# Memory Mods?



## Fragum (Dec 18, 2007)

This has probably been posted already...

Are there any PM's in the memory modules (see image)


----------



## lazersteve (Dec 18, 2007)

Fragum,

The jury is still out for conclusive yield data on the black chips, but rumor has it that an average is from zero to 1 gram per pound in general for plactic pack ics. This figure may be a combination of PMs, not exclusively one PM in particular. I haven't performed any yield tests of my own.

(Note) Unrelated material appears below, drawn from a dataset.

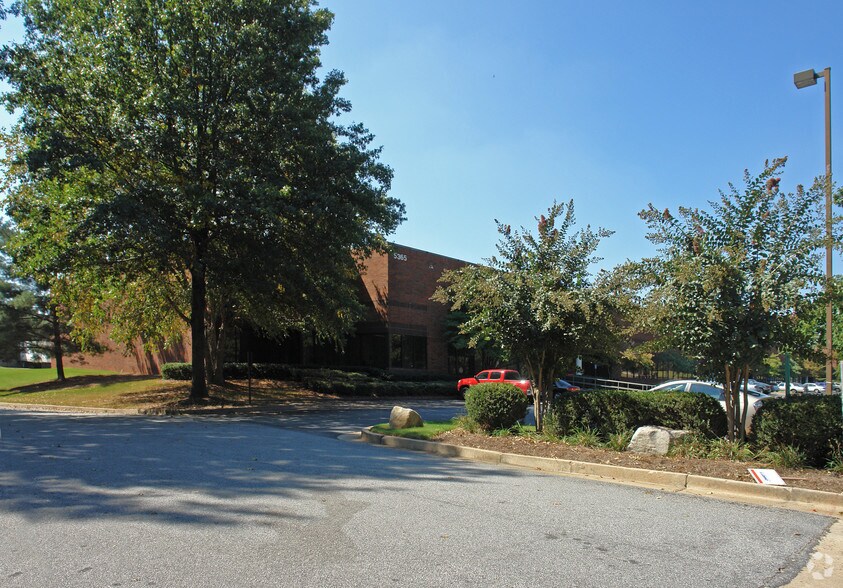 More Photos Of 5365 Dividend Dr, Decatur Distribution For Lease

I can tell you that the monolithic capacitors on the memory sticks do contain PGMs (mostly palladium) especially those manufactured prior to 1992.

Steve


----------



## Fragum (Dec 19, 2007)

Thank you sir!


----------



## keith (Dec 22, 2007)

HI,
today i was cutting some finger off memory sticks, I have some small ones about 2.5 to 3 inches long and it looks as if the green board has gold looking stuff all through it. Does it?

keith


----------



## lazersteve (Dec 22, 2007)

Here's a link to an old post on the subject of gold traces:

http://goldrefiningforum.com/phpBB3/viewtopic.php?p=1796#1796

Read through the whole post you'll find a lot of good stuff in that one.

Steve


----------